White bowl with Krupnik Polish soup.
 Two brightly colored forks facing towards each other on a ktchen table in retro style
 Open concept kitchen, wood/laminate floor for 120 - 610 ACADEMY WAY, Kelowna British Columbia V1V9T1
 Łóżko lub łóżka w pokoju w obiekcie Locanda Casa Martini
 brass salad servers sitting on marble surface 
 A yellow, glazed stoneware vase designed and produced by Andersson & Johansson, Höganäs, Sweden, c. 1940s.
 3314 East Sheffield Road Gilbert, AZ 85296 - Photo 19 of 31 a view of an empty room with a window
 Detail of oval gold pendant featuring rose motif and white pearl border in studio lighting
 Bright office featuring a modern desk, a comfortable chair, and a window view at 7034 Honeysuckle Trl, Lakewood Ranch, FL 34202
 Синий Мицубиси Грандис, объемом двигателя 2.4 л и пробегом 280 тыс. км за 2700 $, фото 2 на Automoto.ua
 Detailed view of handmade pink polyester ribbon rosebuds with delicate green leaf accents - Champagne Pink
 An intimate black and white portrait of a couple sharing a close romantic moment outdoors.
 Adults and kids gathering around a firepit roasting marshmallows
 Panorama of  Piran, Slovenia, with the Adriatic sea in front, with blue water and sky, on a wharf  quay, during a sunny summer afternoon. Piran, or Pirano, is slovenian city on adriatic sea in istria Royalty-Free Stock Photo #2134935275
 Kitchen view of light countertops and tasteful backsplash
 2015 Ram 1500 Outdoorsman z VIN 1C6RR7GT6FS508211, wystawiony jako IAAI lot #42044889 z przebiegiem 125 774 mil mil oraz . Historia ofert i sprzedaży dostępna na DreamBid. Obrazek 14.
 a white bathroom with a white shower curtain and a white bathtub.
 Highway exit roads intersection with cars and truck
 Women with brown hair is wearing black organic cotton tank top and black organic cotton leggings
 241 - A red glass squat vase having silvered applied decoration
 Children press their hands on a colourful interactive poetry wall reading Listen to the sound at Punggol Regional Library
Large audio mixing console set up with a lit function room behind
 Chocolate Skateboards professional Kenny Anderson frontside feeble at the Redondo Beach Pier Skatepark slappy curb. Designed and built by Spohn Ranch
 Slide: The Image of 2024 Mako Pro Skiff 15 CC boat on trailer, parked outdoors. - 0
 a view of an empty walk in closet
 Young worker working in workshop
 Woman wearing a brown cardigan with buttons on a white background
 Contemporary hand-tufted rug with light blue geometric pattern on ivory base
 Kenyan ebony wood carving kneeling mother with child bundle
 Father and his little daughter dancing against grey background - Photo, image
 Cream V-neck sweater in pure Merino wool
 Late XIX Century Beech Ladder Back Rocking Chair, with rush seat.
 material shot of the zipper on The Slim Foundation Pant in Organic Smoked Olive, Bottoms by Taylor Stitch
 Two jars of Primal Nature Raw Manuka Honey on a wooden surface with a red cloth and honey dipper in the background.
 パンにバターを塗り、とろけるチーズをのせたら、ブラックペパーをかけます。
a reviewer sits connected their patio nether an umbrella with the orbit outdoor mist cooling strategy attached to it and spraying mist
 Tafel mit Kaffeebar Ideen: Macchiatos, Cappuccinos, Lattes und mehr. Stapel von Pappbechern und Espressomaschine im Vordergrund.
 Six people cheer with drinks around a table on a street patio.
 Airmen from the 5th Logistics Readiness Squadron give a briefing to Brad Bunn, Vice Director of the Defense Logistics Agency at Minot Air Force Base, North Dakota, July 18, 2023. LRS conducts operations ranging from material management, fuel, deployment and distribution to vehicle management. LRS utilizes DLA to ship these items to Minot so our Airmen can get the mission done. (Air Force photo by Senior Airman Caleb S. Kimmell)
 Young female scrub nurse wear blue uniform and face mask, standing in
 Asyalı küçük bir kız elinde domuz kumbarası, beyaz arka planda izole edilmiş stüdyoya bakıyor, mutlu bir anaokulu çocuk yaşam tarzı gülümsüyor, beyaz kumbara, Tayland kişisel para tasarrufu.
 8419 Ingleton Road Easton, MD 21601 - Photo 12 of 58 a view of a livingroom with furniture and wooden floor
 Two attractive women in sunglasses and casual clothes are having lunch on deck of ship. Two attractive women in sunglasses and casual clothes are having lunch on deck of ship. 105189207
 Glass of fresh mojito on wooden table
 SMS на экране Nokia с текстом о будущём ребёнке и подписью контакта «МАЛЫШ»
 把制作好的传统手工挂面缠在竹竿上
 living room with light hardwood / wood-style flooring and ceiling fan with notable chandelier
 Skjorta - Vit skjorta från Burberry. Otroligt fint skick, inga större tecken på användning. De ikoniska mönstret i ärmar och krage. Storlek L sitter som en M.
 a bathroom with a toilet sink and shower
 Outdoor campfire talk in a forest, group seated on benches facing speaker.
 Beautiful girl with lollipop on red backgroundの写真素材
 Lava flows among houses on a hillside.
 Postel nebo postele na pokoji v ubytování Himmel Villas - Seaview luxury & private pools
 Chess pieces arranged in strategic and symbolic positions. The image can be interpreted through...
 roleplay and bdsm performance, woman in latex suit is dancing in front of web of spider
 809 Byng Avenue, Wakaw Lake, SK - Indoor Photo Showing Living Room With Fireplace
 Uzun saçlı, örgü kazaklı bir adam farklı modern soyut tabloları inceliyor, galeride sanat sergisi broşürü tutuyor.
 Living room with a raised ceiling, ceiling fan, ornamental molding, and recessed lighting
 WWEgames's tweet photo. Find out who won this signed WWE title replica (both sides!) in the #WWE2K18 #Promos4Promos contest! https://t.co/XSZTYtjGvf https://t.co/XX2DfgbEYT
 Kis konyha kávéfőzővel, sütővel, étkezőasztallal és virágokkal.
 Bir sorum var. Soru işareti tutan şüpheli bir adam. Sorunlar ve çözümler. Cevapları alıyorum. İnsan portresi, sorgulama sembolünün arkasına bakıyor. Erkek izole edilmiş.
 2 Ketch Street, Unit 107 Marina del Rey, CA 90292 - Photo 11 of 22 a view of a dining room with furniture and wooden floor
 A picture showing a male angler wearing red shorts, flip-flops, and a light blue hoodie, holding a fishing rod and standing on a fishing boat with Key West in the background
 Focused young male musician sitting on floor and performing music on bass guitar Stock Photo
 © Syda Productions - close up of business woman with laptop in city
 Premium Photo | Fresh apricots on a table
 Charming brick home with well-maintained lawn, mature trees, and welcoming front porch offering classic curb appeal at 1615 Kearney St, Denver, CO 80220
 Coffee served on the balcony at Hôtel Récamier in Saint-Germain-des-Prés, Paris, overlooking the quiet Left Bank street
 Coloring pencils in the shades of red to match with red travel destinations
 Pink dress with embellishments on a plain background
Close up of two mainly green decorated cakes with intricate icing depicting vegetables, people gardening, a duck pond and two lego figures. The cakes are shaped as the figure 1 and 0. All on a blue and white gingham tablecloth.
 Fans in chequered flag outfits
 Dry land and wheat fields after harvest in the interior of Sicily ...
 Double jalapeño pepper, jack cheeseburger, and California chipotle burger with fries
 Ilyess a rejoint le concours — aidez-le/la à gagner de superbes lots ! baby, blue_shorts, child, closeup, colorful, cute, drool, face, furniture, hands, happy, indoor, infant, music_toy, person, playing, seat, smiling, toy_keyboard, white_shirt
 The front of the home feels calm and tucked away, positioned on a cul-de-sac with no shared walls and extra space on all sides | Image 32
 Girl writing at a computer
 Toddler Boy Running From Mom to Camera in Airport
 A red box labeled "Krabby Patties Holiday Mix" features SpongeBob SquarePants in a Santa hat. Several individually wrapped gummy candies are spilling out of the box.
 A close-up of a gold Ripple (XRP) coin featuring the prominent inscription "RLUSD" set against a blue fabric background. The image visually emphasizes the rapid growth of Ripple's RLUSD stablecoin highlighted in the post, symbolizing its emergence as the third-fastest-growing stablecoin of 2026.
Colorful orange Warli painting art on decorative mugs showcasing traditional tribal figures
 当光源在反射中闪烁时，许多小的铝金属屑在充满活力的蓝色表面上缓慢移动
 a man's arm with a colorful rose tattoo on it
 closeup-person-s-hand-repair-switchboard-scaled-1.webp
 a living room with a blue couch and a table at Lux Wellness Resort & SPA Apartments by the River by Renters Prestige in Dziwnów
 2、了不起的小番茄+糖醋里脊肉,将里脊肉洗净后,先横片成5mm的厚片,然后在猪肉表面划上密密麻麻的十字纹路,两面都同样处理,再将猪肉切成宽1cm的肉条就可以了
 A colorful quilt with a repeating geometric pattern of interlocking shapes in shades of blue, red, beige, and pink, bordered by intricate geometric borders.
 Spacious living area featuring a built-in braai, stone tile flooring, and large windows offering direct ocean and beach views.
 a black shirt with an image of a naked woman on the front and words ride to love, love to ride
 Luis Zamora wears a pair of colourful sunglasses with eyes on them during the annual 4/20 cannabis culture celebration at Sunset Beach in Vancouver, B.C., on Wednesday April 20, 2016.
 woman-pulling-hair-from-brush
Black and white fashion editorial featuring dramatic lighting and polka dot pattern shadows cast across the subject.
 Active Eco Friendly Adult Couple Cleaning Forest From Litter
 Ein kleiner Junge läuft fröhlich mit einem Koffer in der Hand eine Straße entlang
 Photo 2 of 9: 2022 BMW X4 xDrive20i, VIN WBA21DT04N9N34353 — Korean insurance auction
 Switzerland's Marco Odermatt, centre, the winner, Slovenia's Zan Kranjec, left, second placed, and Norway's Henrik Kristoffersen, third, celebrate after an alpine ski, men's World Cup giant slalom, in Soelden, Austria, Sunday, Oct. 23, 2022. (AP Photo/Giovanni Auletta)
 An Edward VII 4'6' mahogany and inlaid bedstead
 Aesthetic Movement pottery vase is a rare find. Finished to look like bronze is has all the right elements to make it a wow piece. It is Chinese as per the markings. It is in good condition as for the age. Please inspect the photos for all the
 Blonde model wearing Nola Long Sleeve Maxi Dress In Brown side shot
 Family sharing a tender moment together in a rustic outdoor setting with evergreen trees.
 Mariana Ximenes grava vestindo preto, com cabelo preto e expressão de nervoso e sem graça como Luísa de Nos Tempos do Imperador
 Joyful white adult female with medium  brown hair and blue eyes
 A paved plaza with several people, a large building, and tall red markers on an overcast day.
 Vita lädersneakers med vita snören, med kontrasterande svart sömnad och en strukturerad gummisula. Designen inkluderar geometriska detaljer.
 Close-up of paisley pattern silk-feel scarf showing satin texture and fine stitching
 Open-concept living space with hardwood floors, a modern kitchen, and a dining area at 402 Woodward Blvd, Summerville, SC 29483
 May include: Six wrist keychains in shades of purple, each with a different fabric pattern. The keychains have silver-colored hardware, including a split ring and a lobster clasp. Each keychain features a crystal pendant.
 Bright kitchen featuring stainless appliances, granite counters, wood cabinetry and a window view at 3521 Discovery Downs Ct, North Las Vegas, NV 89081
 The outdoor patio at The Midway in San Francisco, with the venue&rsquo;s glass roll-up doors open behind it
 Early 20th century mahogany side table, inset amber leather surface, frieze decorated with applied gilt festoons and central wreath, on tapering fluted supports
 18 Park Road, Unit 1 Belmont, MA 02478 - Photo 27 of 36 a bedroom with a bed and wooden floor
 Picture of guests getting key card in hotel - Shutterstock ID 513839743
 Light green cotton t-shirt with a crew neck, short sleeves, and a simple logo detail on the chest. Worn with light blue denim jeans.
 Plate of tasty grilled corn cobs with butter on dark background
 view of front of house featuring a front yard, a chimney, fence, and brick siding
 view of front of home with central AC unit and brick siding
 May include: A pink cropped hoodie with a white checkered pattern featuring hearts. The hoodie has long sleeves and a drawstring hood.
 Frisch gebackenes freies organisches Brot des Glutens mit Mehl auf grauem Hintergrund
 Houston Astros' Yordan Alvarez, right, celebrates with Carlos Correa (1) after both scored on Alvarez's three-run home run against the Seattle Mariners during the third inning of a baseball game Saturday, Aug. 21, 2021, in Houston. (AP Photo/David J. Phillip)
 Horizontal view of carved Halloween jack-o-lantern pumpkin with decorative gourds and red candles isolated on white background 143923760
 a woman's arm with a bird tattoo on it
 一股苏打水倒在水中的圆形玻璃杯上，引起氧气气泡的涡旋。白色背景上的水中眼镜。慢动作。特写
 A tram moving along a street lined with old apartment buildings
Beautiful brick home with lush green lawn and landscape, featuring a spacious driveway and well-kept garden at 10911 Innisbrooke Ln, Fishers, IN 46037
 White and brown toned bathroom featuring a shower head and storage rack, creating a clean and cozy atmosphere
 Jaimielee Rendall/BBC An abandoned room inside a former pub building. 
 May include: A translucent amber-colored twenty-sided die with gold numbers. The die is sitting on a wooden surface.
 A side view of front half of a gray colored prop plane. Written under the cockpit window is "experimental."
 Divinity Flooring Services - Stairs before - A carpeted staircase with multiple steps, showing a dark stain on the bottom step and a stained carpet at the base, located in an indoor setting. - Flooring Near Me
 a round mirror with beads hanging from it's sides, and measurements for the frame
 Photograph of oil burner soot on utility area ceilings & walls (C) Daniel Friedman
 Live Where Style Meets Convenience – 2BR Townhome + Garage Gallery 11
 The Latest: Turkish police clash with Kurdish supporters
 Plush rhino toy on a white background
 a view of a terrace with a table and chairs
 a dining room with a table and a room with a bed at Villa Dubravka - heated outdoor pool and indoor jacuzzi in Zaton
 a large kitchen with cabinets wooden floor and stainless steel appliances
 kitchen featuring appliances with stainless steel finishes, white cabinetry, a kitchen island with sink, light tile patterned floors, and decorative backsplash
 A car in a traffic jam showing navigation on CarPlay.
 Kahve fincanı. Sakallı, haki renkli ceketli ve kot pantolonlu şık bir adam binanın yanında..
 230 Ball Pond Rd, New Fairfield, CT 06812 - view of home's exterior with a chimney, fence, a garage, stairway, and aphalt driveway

......

Exercise objective: The response must hold only the lines above from the line with "a man's arm" through the line with "Active Eco Friendly", each copied exactly, both ends kept.

Answer box:
 a man's arm with a colorful rose tattoo on it
 closeup-person-s-hand-repair-switchboard-scaled-1.webp
 a living room with a blue couch and a table at Lux Wellness Resort & SPA Apartments by the River by Renters Prestige in Dziwnów
 2、了不起的小番茄+糖醋里脊肉,将里脊肉洗净后,先横片成5mm的厚片,然后在猪肉表面划上密密麻麻的十字纹路,两面都同样处理,再将猪肉切成宽1cm的肉条就可以了
 A colorful quilt with a repeating geometric pattern of interlocking shapes in shades of blue, red, beige, and pink, bordered by intricate geometric borders.
 Spacious living area featuring a built-in braai, stone tile flooring, and large windows offering direct ocean and beach views.
 a black shirt with an image of a naked woman on the front and words ride to love, love to ride
 Luis Zamora wears a pair of colourful sunglasses with eyes on them during the annual 4/20 cannabis culture celebration at Sunset Beach in Vancouver, B.C., on Wednesday April 20, 2016.
 woman-pulling-hair-from-brush
Black and white fashion editorial featuring dramatic lighting and polka dot pattern shadows cast across the subject.
 Active Eco Friendly Adult Couple Cleaning Forest From Litter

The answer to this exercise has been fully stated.